Washington, Irak'taki direniş gruplarını tasfiye etmeye, Halk Seferberlik Güçleri’ni dağıtmaya ve ülkenin siyasi, güvenlik ve ekonomik yapısını yeniden şekillendirmeye çalışıyor. Artan baskılar Bağdat’ın manevra alanını daraltırken, Iraklıları zor bir kararın eşiğine sürüklüyor.

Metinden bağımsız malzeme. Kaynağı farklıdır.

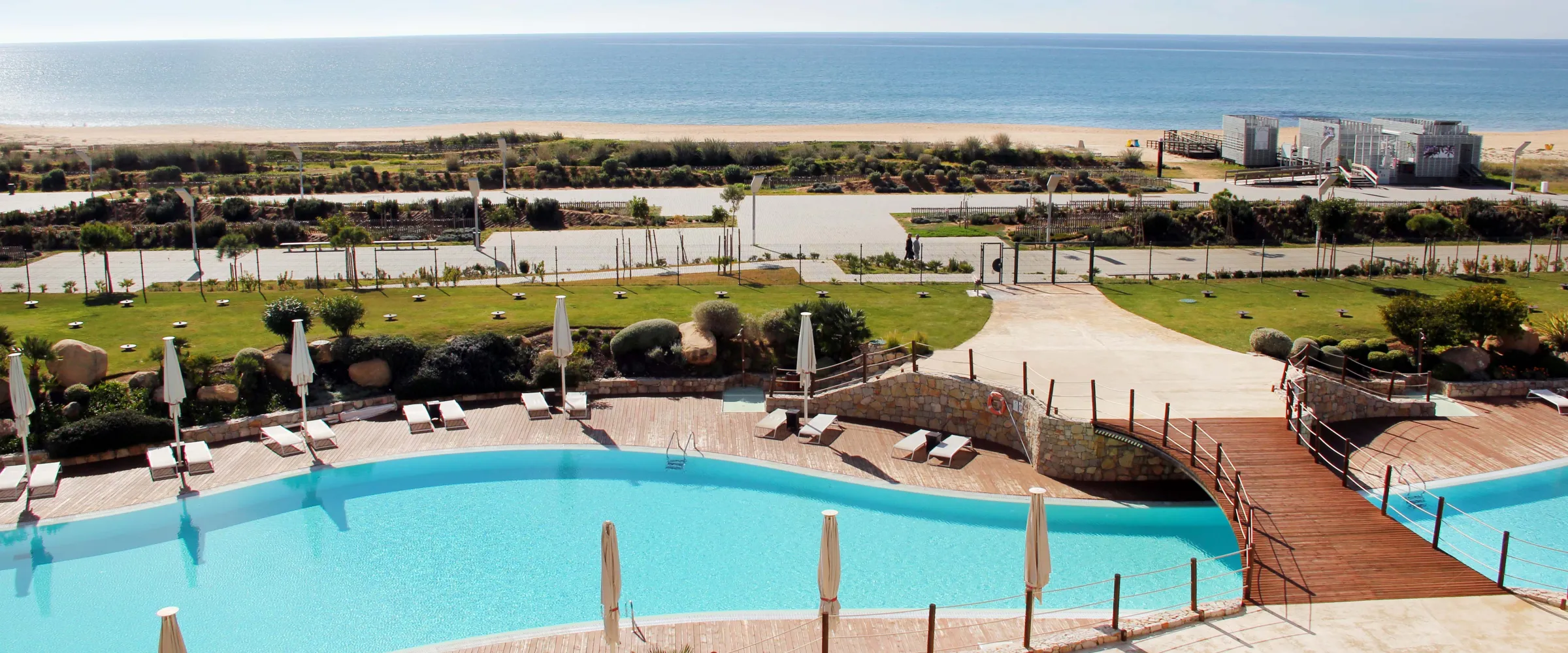 Crowne Plaza Vilamoura Pool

YDH- ABD’nin, İsrail’in 7 Ekim 2023’ten bu yana yürüttüğü imha ve kökünü kazıma savaşlarının sonuçlarını kendi çıkarları için kullandığı artık netleşmiş durumda. Washington, bu yıkımın yarattığı tabloyu bölgedeki nüfuzunu yeniden tesis etmenin, İsrail’in konumunu güçlendirmenin ve projeye karşı duran güçleri tecrit ederek etkisizleştirmenin aracı haline getiriyor.

El-Ahbar’ın aktardığına göre, Irak da bu planlardan muaf değil. Gazze’ye bir süre destek verdikten sonra Amerikan baskısıyla geri çekilen Bağdat, bugün Washington’ın gözünde öncelikli hedef olarak öne çıkıyor.

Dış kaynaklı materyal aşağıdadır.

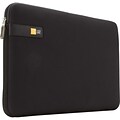 Case Logic® LAPS-114 14 Laptop Sleeve; Black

ABD, özellikle Lübnan’da olduğu gibi direniş gruplarını kuşatma girişimlerini sürdürürken, Irak’ı yaklaşan kritik seçimler öncesinde askeri, siyasi, güvenlik ve ekonomik yapısını yeniden şekillendirme fırsatı olarak değerlendiriyor.

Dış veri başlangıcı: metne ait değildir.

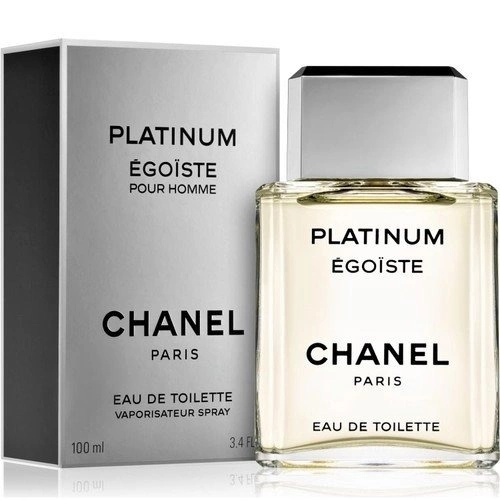 Chanel Egoiste Platinum Дезодорант-спрей — фото 4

Irak makamlarının aylardır verdiği tavizler bu yaklaşımı doğruluyor.

Halk Seferberlik Yasası’nı engellemek için ABD’nin yoğun baskısı altında kaldılar. Oysa söz konusu yasa, milislerin statüsünü devletin kalıcı bir kurumu haline getirecekti.

Sonrasında, gruplar üzerindeki baskıyı artırarak onları güçlerini etkisiz kılacak bir “birleşme” sürecini kabul etmeye zorladılar.

Washington’ın İran-Bağdat bağlarını koparma çabalarına uyum sağladılar, mali abluka taleplerine boyun eğdiler, hatta İsrail casusu Elizabeth Tsurkov’un herhangi bir tazminat ödenmeden serbest bırakılması için baskıya maruz kaldılar.

Ancak tüm bu adımlara rağmen ABD, direniş gruplarının tamamen dağıtılmasını, Halk Seferberlik Güçleri’nin tasfiyesini ve ülkenin savunma sisteminde herhangi bir rol üstlenmemesini istiyor.

Bunun en açık göstergesi, Washington’ın Irak’a yönelik artan saldırıları.

ABD, bazı grupları “terörist” ilan ederek yaptırım listesine aldı, Irak devletini doğrudan yaptırımlarla tehdit etti. Ülkenin güvenlik ve askeri politikalarını hiçe saydı, İsrail üzerinden askeri tesisleri hedef aldırdı.

Hatta Irak’ı resmen “teröre destek veren devlet” olarak sınıflandırma seçeneğini gündeme getirdi.

Şimdilik Bağdat bu baskıları en düşük maliyetle atlatmaya çalışıyor.

Ancak İsrail-Amerikan savaşının son aşaması, yani “kemikleri kırma” ve bölgede hiçbir gri alan bırakmama stratejisi, Irak’ın seçeneklerini hızla daraltıyor.

Katar’ın bombalanmasıyla da teyit edilen bu yeni dönemde, Iraklıların kesin bir karar vermesi kaçınılmaz görünüyor.

Bu karar ise kolay olmayacak. Zira ülkeyi uzun süredir kuşatan “New York varlıklarından” kurtulmak neredeyse imkânsız. Fakat Washington ve Tel Aviv, çatışmayı ertelemek ya da dondurmak yerine tüm cephelerde çözüm dayatmaya devam ederse, Irak’ın önünde tek bir yol kalabilir.